# [paper reading notes] community oriented attributed network embedding

2020-11-10 07:59:15 Qinze

## The structure of this paper

1. solve the problem
2. Main contributions
3. Algorithm principle
4. reference

#### (1) solve the problem

Most of the existing methods only retain the local structure of nodes in the process of network representation , Ignore their community information and rich attribute information .

#### (2) Main contributions

Contribution 1： A novel representation method of attribute network is proposed （COANE）, Introduce topic model LDA Generate node community information , Guide random walk to capture community information in the network .

Contribution 2： A community oriented random walk strategy is designed —— The edge of the community is introduced to adaptively control the range of random walk , this It solves the problem that the random walk method can't sample the effective walk sequence in dense network .

#### (3) Algorithm principle

Firstly, it briefly introduces the algorithm used to generate node community information LDA Model （ Please refer to other materials or the original paper for details ）.LDA It's an iterative algorithm , Gibbs sampling is used to estimate the following two probability distributions in the form of statistical frequency （ The number of communities needs to be given in advance ）.
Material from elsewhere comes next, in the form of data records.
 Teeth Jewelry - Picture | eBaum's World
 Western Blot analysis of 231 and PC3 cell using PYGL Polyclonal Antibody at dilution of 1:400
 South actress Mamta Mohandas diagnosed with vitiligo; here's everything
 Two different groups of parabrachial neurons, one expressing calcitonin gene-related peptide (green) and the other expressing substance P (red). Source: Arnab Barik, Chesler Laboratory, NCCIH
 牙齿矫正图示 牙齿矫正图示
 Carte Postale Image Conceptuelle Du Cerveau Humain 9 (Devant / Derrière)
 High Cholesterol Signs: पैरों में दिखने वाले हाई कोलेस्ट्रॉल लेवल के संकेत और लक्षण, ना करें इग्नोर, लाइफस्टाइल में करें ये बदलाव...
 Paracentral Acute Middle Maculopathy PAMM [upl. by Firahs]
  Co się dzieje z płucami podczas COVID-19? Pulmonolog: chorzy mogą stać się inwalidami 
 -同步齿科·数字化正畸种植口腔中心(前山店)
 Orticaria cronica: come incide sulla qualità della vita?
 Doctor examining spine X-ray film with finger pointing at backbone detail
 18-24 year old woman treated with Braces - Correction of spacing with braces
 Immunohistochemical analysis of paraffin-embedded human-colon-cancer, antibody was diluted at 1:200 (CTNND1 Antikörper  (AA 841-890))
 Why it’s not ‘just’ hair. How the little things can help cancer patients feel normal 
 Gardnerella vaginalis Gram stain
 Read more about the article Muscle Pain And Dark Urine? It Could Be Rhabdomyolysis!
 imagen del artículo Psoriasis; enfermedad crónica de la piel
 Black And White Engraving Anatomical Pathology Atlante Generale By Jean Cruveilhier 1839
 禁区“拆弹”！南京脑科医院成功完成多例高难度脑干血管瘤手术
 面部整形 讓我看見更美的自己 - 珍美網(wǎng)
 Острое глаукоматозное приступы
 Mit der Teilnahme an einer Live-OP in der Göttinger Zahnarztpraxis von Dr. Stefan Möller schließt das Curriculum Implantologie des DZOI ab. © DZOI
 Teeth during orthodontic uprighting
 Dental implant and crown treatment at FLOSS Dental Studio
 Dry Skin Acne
• Given the community c, Where nodes v In the community c The probability of

• Given a sequence of nodes s, Choose a node from which to belong to the community c Probability ）

It first gives the sequence s Every node in vi Randomly assign a community ci. Based on the sampling sequence , Every node is traversed , And its community is constantly updated based on the following probability , until LDA The model parameters converge .

COANE The algorithm includes the following three parts ：

1. Random walk based on edge generates node sequence .
2. Based on the above sampling node sequence , Train two... With different parameters LDA Models are learned separately based on structure （ Short for LDA-S） And based on text properties （ Short for LDA-X） Community distribution of .
3. adopt Skip-Gram Model to learn the vector representation of nodes .

Next we start from the algorithm pseudo code step by step analysis COANE Principle of algorithm .

COANE The pseudo code of the algorithm is shown in the figure below ：

From the pseudo code above, I can see that the input of the algorithm is shown in the figure 、 Parameters of random walk 、 Number of communities （LDA Parameters of the topic model ）、 The moment the edge appears Mm、 Edge expansion speed Ms. The output is the embedding matrix of the network .

So what is edge based random walk ？ How to achieve it ？ First , In the early days, we generated a sequence of nodes by random walk and input LDA-S Model update node ownership . After several iterations of node community ownership update , There will be margins between nodes belonging to different communities , As shown in the figure below . The gap between different communities is also becoming more and more obvious , That is, the membership degree of nodes to more likely communities will gradually increase , In the picture, the color is deepened .

You can find , After repeated training LDA The model can find the community structure more accurately . Therefore, based on LDA Estimated probability of community belonging , We can calculate the transition probability of two nodes in the random walk process as follows ：

Mmax It's a by 0 It's going up to 1 Parameters of . When the maximum margin Mmax=0 When , Random walk based on margin is equivalent to traditional DeepWalk Random walk . With Mmax An increase in , The probability of node cross community access is reduced .Mmax It can be thought of as confidence in the division of communities , This confidence level is increasing , Because after constant training LDA The community structure discovered by the model is more and more obvious .

The above is random walk based on edge , The edge follows LDA The training level of the model is more and more obvious , The constraints of community on random walk are becoming stronger and stronger .

By pseudo code No 13,14 Line , Each random walk sequence is used to iteratively update two LDA Model .

Now? , The node sequence obtained by random walk based on edge is input into Skip-Gram model training , We can get node vector representation based on node topology and community structure . So how to fuse node attribute information ？

We mentioned a text attribute based model LDA Model （LDA The probability distribution model is the subject processing , Here we just need to sample the sequence of text ）, Again , We do edge based random walks in the graph , Replace the node in the sequence with its corresponding text attribute , These texts are aggregated to produce a single document , Input to text-based LDA In the model ,. Final LDA The model can generate the topic probability distribution of the document , In this paper, the distribution is directly regarded as the representation vector of the text attributes of nodes , Finally, the fusion node topology can be obtained by merging it into the original structure based representation vector 、 The node representation of community information and attribute information .

The above is the whole content of the network representation learning algorithm .

#### (4) reference

Gao Y, Gong M, Xie Y, et al. Community-oriented attributed network embedding[J]. Knowledge-Based Systems, 2020, 193: 105418.